ARCHBISHOP SAYS NATIVITY 'A LEGEND'
By Sophie Borland
The Archbishop of Canterbury said yesterday that the Christmas story of the Three Wise Men was nothing but a 'legend'.
Dr Rowan Williams has claimed there was little evidence that the Magi even existed and there was certainly nothing to prove there were three of them or that they were kings.
He said the only reference to the wise men from the East was in Matthew's gospel and the details were very vague.
Dr Williams said: "Matthew's gospel says they are astrologers, wise men, priests from somewhere outside the Roman Empire, that's all we're really told. It works quite well as legend."
The Archbishop went on to dispel other details of the Christmas story, adding that there were probably no asses or oxen in the stable.
He argued that Christmas cards which showed the Virgin Mary cradling the baby Jesus, flanked by shepherds and wise men, were misleading. As for the scenes that depicted snow falling in Bethlehem, the Archbishop said the chance of this was "very unlikely".

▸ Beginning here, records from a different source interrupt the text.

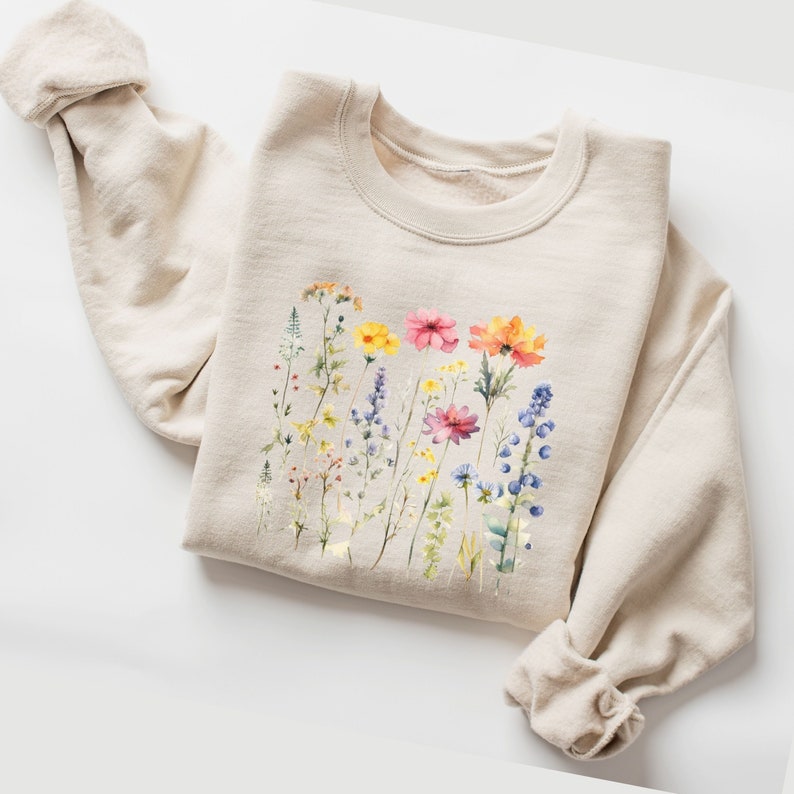 natural colored, beige folded sweatshirt with soft colored pressed flowers print, light and vibrant colors, spring feeling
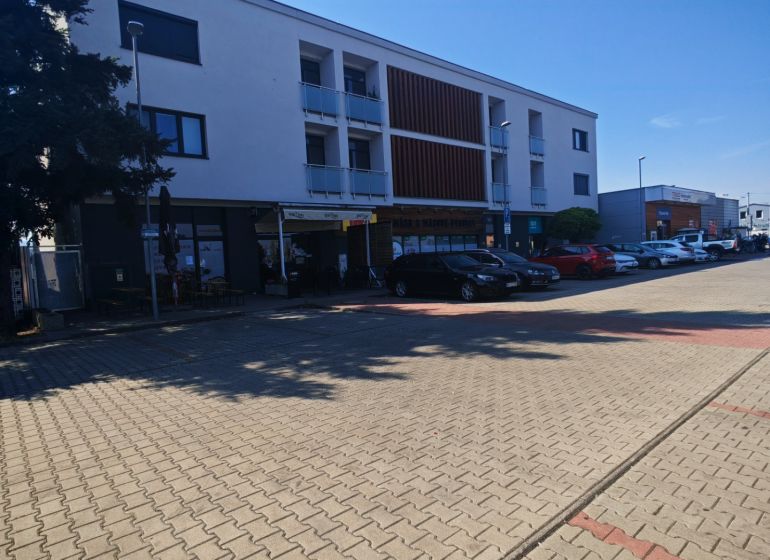 Budova na Senické ulici v Rohožníku s parkovacími místy v popředí.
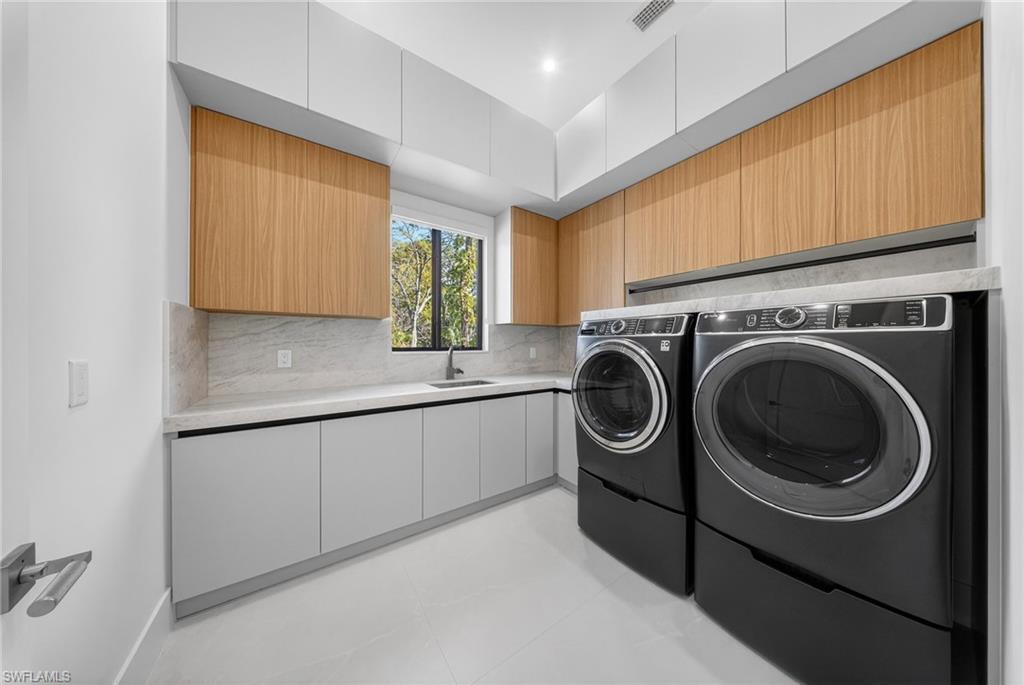 1874 39th Street Southwest Naples, FL 34117 - Photo 15 of 50 a utility room with sink dryer and washer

In a final blow to the traditional nativity story, Dr Williams concluded that Jesus was probably not born in December at all. He said: "Christmas was when it was because it fitted well with the winter festival."

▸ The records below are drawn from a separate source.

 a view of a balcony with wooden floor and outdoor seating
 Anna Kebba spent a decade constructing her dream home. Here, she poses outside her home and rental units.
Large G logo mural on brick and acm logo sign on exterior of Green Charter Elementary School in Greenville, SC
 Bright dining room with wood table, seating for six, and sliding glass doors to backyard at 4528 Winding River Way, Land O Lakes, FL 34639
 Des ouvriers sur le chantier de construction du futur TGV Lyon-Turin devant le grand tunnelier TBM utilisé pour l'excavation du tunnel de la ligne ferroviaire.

[Did you catch the British punctuation errors? The Telegraph seems unable to decide whether it's a British or an American rag. Or maybe Sophie Borland is an American journalist...?]
None of the above is particularly new or surprising: it's pretty much standard fare for students in both religious studies and theology. It is, in fact, the sort of information that I wish clergy regularly divulged to the laity-- if not from the pulpit, then during whatever activities count as "Christian education." I suspect, though, that many clergymen (and -women) fear revealing these rather pedestrian truths because they worry over how demoralizing they might be. It's a shame, because what the laity loses is a chance to learn some valuable lessons about the nature of true faith, which should never be rooted in black-and-white propositions and magical thinking. As Tom Robbins, that happy druggie, wrote in his book Even Cowgirls Get the Blues, "Don't confuse stability with rigidity." The balance of the surfer on the wave is what true faith is, not the stiffness of a statue that's easily overturned.
I also tend to think that the clergy's fear is groundless. Many congregations are composed of educated people who will, unprompted, go read about these matters for themselves. Many of them will come away from their explorations with profoundly changed views of their own traditions... and they will go to church all the same. To fear the disenchantment of the laity is, in effect, to be condescending: the clergy should put more faith in those they claim to care for.